Segment Open

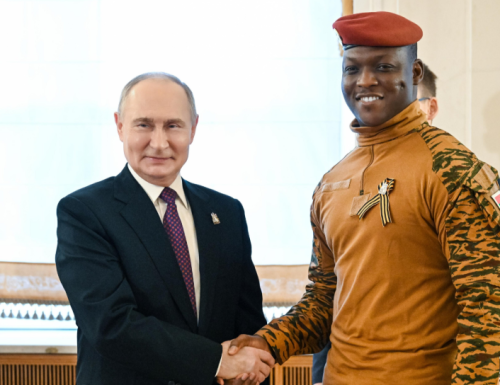 Presidents Ibrahim Traore and Vladimir Putin on Friday, May 9, 2025, during the grand parade and wreath laying ceremony marking the 80th anniversary of Russia's victory over Nazism. PHOTO/@CapitaineIb226/X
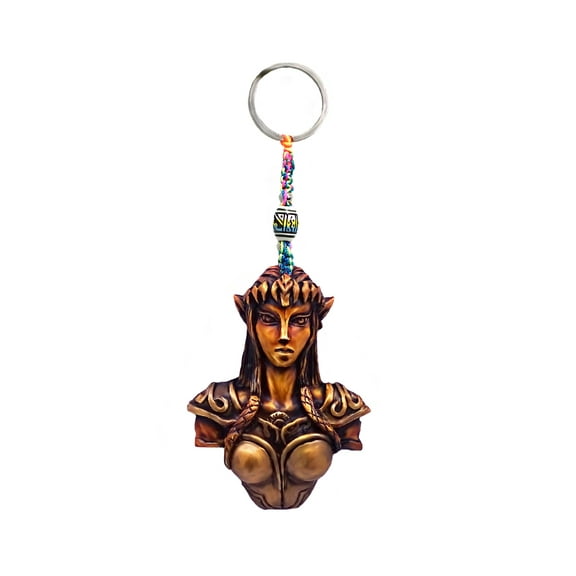 Gold Elf Princess Gamer 3D Figurine Keychain Multicolored Macramé Metal Ring - Handmade Gifts Boho Car Keys Bag Accessories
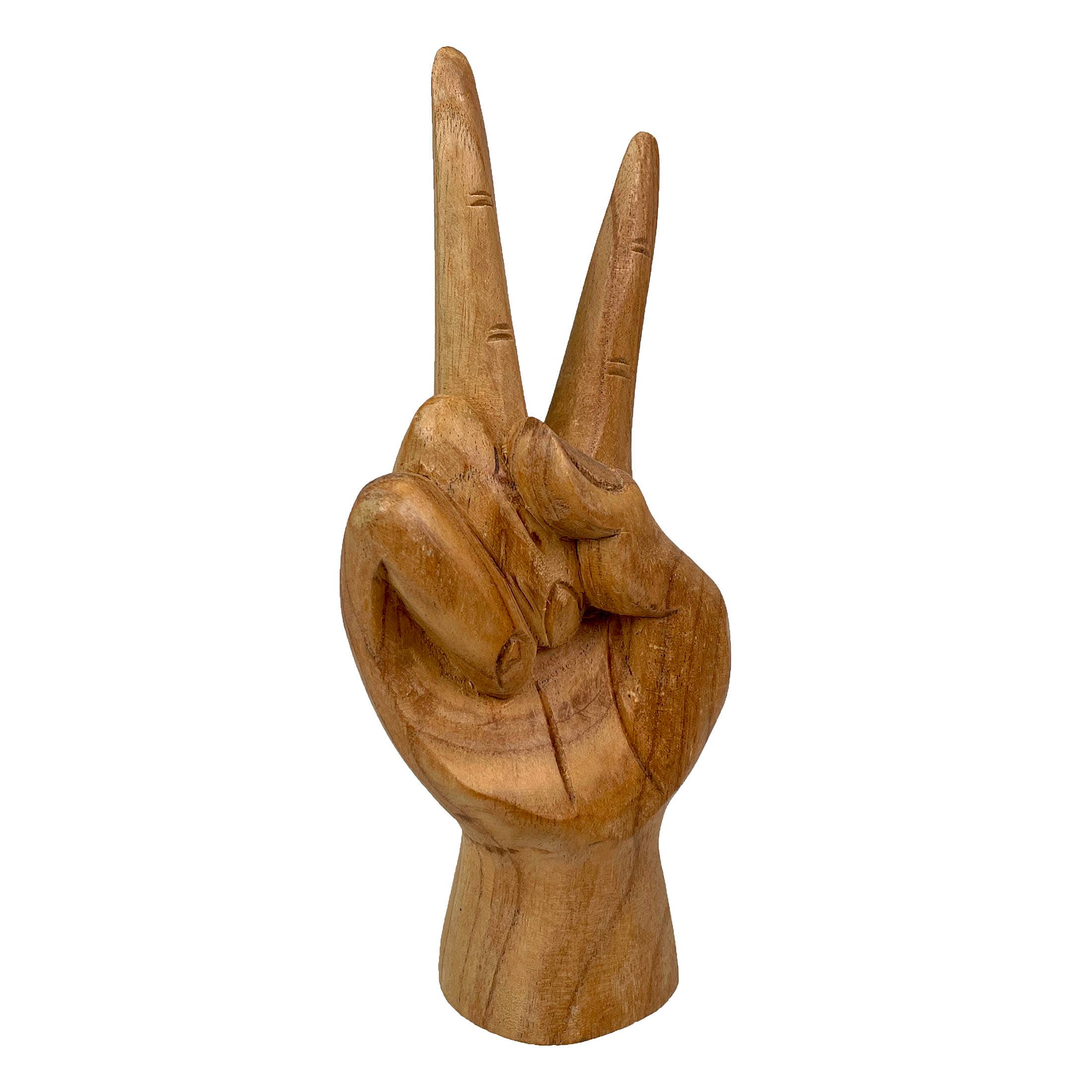 Carved Wood Peace Sign Hand Gesture Statue 7.75 Inch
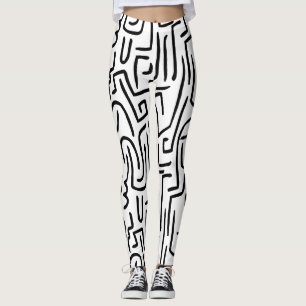 Abstract Lines 130318 - Black on White Leggings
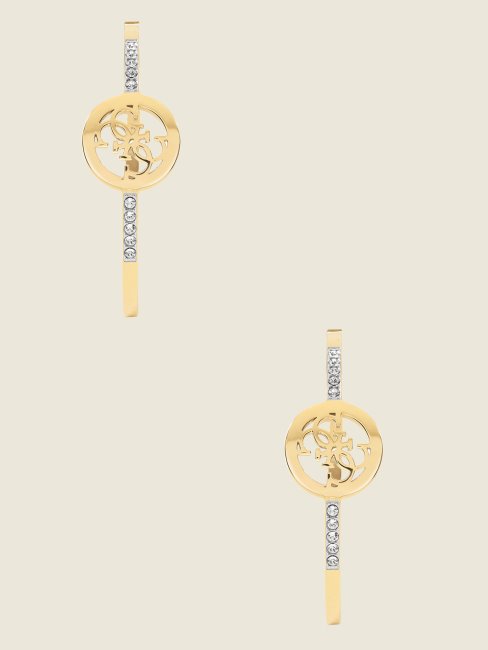 Boucles D'oreilles Créoles Quattro G Dorées Or Jaune Guess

Segment Closed

Set the listing down in full and exactly. Pictures within it should not appear in the copy.

 Presidents Ibrahim Traore and Vladimir Putin on Friday, May 9, 2025, during the grand parade and wreath laying ceremony marking the 80th anniversary of Russia's victory over Nazism. PHOTO/@CapitaineIb226/X
 Gold Elf Princess Gamer 3D Figurine Keychain Multicolored Macramé Metal Ring - Handmade Gifts Boho Car Keys Bag Accessories
 Carved Wood Peace Sign Hand Gesture Statue 7.75 Inch
 Abstract Lines 130318 - Black on White Leggings
 Boucles D'oreilles Créoles Quattro G Dorées Or Jaune Guess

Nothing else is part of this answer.